The above is absolutely true. It is also tangential to the OP and not what I was discussing in the slightest.
The OP concerns, unless I am mistaken (in which case
@Koprulu Mustafa Pasha, please correct me), the possibility of Afghanistan acting as an Indian analogue to Manchuria in that the locals of that region manage to conquer a vast swath of territory directly adjacent to their homeland and, over time, are assimilated into the populace that they had conquered to the point that, at a certain point, their homeland becomes an integral part of the conquered peoples' nation and their own people lose a distinct identity and become another subset of the natives of the land their ancestors conquered.
I posited that it would not be an apt comparison and unlikely to happen bar major changes in geography, politics, etc. as Afghanistan lacks the qualities that helped attract Han settlement during the Qing dynasty, which was part of the process that led to the loss of a separate Manchu identity and culture and the integration of Manchuria into China proper. There is little that would push tens of millions of Indians to settle Afghanistan the way the Han flooded into Manchuria during the Chuang Guandong, which led to the current clear Han majority in Manchuria in the present day. Afghanistan lacks the fertile farmlands that would attract poor, landless peasants, the safety created by gunpowder and Qing diplomacy+force that enabled the settlement of the region (mountains making it much harder to root out dissenting locals and Afghanistan has historically been difficult to unify, at least in part due to its rough terrain), and the ease of actually settling the area (Afghanistan's landscape is difficult to traverse, which limits both the number of potential settlers and the range of lands that they can easily reach) of Manchuria.
Nowhere did I mention that India would not have any incentive to conquer or retain the region, simply that it would not easily become yet another Indian province the way Gujarat or Rajastan are and its people would not simply slip into the passage of time and go extinct by their own success.
Tibet is neither fertile nor does it have a Han majority. As of 2011, a bit over 90% of Tibet's 3 million people are Tibetan and under 10% are Han Chinese. Tibet is of great strategic importance to China, yes, but that does not incur mass migration and massive demographic shifts, nor does it lead to the locals assimilating into Chinese culture. Xinjiang would be a better counterpoint but the Uyghur are resisting assimilation and the Han are not an overwhelming majority as they are in the Dongbei, nor did the Uyghur conquer China and thus create their own circumstance, which does not fulfil the OP.
As for Aksai Chin, I can't easily find demographic information on that region but it doesn't fulfil the 'conquered the region it got colonised by' condition anyways.

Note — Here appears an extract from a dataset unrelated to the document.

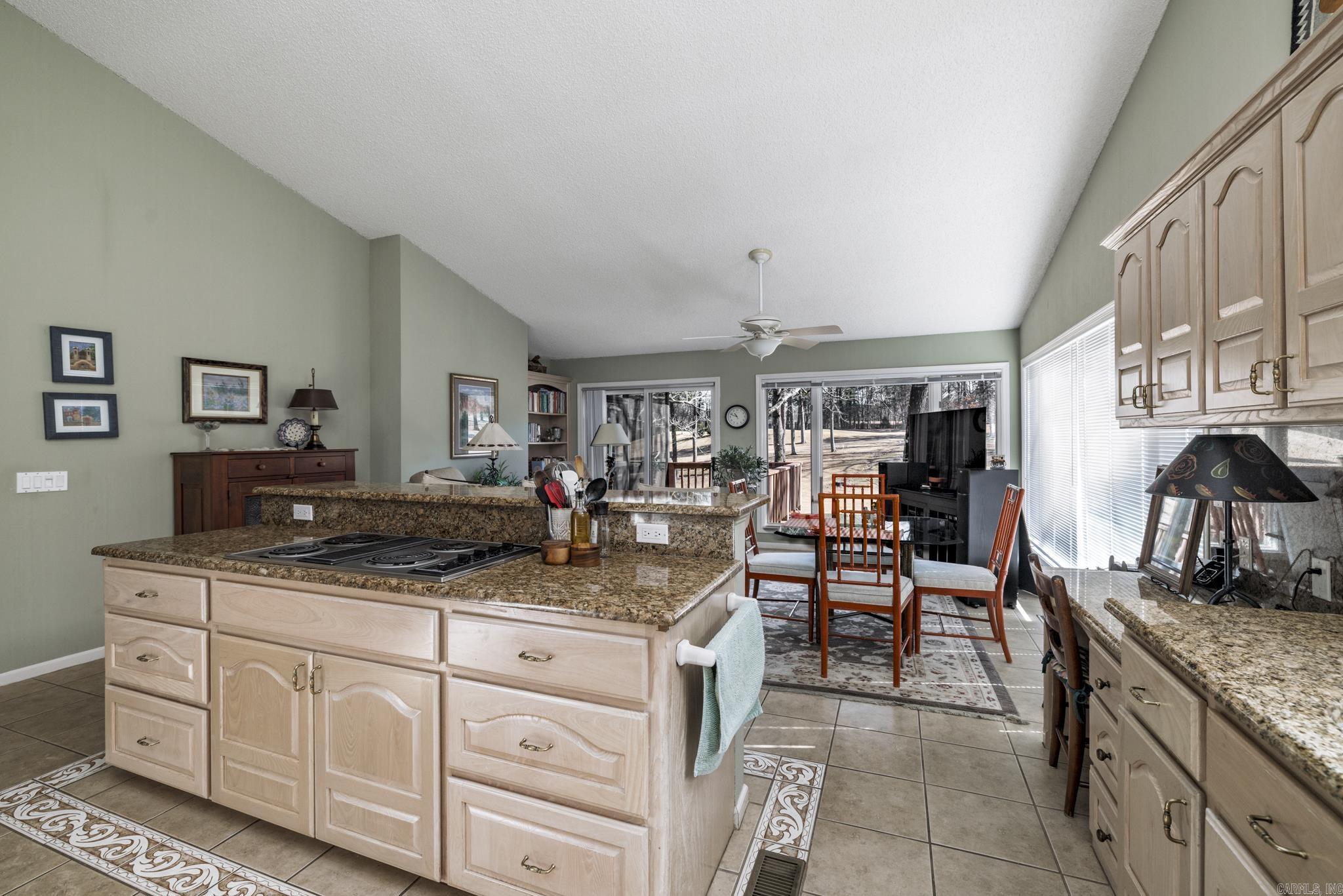 VILLA ALEGRE COURTS - Residential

I did not say these regions were not valuable to the nations they border/are in; rather, I said they wouldn't attract much settlement because they weren't attractive for settlement because of poor land fertility and rough terrain, which has rather proven true when compared with Manchuria, which saw a flood of poor Han farmers when settlement was allowed, and that settlement was a key component in the dissolution of the Manchu identity and homeland into the greater Han Chinese identity and homeland.